From the entries below, output the line with "X0000076080528200610061619" and each following line up to and including the line with "destination-discovery-saadani-warthog-1200x800", exactly as written.

==========

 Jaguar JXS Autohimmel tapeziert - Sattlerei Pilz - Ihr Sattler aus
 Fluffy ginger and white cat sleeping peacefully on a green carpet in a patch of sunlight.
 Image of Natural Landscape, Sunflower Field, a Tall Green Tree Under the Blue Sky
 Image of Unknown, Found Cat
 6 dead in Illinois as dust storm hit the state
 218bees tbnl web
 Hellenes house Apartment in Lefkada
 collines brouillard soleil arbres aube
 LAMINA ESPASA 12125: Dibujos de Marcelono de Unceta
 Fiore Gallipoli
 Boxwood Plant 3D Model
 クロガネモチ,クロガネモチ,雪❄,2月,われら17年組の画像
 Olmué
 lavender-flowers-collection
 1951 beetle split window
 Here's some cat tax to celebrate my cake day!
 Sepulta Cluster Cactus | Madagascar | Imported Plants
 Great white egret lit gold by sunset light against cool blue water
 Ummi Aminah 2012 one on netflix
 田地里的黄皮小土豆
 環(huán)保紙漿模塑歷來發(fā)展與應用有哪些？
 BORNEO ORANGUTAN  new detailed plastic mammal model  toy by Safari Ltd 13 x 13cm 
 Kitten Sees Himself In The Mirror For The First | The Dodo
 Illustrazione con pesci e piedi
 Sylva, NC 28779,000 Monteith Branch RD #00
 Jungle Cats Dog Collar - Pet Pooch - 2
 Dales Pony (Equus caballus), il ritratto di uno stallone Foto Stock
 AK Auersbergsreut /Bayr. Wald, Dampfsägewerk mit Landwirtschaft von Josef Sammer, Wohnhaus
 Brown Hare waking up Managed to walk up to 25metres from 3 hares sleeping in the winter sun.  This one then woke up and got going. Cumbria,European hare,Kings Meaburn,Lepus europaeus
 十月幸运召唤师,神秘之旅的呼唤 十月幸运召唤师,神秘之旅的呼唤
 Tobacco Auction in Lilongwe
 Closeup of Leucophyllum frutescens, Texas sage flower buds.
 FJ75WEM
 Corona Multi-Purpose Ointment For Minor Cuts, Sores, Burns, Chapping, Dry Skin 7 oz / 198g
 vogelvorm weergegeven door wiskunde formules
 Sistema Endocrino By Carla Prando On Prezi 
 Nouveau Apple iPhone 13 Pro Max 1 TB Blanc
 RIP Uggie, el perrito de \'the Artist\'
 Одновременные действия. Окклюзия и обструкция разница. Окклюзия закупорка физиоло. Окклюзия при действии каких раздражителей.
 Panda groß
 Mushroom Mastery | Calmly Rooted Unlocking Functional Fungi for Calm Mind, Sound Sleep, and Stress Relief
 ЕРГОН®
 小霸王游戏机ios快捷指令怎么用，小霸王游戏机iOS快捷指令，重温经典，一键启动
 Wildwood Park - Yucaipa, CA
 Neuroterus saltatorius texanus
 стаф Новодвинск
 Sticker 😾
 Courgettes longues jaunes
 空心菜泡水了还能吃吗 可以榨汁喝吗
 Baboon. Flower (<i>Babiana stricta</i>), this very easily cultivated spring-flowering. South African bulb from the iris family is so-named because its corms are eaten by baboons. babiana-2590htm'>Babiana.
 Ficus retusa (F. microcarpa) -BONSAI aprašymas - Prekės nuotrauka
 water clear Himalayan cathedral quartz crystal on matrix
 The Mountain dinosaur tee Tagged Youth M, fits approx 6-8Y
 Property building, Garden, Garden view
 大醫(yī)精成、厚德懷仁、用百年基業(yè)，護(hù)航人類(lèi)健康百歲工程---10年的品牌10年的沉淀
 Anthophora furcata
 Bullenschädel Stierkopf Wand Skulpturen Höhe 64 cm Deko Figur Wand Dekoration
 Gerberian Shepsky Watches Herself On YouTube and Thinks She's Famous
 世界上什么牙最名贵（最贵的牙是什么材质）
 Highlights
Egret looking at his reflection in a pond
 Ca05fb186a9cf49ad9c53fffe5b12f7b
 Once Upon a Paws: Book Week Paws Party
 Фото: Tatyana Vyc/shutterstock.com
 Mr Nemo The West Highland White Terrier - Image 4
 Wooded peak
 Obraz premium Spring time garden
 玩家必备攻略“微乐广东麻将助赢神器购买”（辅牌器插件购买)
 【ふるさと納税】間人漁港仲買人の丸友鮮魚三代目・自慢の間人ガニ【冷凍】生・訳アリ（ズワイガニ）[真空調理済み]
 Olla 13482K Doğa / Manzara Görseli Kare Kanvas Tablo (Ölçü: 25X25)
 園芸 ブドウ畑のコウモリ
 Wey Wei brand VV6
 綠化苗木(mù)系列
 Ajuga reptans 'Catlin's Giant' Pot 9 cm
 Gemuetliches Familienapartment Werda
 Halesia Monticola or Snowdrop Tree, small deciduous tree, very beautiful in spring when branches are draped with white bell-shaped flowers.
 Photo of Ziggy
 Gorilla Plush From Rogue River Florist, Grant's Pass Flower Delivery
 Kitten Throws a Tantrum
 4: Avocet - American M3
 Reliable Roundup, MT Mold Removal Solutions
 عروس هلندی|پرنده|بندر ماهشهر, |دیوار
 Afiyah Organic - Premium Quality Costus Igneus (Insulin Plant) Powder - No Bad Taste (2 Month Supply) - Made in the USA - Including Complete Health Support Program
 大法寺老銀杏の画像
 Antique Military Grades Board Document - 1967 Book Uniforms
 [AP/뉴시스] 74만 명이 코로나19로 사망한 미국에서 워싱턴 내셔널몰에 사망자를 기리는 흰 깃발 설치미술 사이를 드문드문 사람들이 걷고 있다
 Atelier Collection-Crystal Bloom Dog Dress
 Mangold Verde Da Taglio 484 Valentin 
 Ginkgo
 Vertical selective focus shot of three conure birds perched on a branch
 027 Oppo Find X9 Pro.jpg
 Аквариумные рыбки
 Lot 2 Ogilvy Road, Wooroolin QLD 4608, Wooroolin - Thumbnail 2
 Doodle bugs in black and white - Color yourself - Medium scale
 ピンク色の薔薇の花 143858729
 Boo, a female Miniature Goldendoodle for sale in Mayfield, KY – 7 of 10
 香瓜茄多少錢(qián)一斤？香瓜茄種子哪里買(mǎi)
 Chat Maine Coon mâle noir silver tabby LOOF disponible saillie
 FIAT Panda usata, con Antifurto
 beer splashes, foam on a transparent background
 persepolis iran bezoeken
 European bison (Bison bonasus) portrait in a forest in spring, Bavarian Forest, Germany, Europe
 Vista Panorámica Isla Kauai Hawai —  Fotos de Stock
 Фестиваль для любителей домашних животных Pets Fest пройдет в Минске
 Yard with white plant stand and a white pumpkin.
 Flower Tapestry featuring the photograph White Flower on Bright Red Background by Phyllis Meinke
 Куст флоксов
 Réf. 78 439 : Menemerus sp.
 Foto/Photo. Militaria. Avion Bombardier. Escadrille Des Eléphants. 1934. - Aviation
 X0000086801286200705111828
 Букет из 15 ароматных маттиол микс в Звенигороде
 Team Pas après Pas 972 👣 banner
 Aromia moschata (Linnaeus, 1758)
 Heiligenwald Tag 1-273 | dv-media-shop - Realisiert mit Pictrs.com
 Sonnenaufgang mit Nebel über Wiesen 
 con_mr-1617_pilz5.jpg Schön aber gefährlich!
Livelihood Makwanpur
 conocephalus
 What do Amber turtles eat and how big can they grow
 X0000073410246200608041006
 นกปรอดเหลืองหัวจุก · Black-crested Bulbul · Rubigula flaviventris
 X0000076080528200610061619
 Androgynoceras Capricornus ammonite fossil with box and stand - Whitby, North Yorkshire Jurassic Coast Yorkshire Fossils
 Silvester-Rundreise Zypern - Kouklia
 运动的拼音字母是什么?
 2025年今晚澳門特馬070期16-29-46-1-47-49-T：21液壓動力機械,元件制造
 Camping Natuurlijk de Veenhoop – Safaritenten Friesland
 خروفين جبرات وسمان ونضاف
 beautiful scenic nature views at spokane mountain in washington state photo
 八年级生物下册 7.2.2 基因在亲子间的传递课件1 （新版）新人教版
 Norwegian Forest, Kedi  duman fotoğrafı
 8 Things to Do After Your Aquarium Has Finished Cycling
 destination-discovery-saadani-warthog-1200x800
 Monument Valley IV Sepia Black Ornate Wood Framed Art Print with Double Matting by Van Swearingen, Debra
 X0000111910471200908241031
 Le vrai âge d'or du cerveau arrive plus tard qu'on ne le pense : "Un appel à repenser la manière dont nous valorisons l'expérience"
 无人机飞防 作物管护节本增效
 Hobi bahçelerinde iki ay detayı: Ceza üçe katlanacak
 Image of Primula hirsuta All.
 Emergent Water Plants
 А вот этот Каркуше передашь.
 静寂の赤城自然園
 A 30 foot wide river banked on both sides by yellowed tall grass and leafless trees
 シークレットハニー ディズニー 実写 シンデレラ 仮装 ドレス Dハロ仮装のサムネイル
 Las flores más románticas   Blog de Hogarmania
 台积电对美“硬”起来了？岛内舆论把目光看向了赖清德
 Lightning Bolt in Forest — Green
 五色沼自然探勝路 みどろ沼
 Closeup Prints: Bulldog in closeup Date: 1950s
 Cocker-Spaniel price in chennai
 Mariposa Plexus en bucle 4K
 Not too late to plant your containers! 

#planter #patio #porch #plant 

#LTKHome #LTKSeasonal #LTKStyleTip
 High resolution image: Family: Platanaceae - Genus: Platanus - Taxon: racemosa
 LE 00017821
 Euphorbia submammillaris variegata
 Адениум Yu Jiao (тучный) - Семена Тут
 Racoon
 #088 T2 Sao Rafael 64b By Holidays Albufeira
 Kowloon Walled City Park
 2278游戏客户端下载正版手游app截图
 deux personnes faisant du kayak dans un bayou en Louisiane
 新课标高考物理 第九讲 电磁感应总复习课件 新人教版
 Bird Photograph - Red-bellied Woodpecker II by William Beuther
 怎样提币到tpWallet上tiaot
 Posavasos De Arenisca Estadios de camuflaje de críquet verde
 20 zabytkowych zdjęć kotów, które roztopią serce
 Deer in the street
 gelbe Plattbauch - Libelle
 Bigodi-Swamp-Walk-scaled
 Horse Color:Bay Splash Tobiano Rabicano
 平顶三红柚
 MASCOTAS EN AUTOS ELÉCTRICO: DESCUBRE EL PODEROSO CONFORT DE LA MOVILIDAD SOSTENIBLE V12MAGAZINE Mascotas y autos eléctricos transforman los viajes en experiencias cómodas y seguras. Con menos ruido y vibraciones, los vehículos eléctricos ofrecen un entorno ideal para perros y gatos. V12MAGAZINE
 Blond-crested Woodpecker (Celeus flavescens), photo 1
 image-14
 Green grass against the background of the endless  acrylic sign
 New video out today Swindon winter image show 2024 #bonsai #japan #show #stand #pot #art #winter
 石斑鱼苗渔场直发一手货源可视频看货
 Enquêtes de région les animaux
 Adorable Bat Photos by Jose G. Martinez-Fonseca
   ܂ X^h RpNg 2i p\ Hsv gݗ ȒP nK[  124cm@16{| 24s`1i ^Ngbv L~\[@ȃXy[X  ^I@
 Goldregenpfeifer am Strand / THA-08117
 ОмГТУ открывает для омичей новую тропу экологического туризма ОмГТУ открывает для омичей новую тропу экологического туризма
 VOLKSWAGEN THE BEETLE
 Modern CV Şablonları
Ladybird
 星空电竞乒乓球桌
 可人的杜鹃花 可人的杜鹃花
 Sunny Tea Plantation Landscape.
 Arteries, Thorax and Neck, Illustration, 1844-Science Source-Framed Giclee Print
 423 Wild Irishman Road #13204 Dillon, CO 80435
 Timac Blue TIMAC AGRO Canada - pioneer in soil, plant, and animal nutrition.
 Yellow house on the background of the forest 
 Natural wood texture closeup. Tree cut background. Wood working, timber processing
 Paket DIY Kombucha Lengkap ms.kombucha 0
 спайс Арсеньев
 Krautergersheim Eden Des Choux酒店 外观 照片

==========

- **EXERCISE SOLUTION**
 X0000076080528200610061619
 Androgynoceras Capricornus ammonite fossil with box and stand - Whitby, North Yorkshire Jurassic Coast Yorkshire Fossils
 Silvester-Rundreise Zypern - Kouklia
 运动的拼音字母是什么?
 2025年今晚澳門特馬070期16-29-46-1-47-49-T：21液壓動力機械,元件制造
 Camping Natuurlijk de Veenhoop – Safaritenten Friesland
 خروفين جبرات وسمان ونضاف
 beautiful scenic nature views at spokane mountain in washington state photo
 八年级生物下册 7.2.2 基因在亲子间的传递课件1 （新版）新人教版
 Norwegian Forest, Kedi  duman fotoğrafı
 8 Things to Do After Your Aquarium Has Finished Cycling
 destination-discovery-saadani-warthog-1200x800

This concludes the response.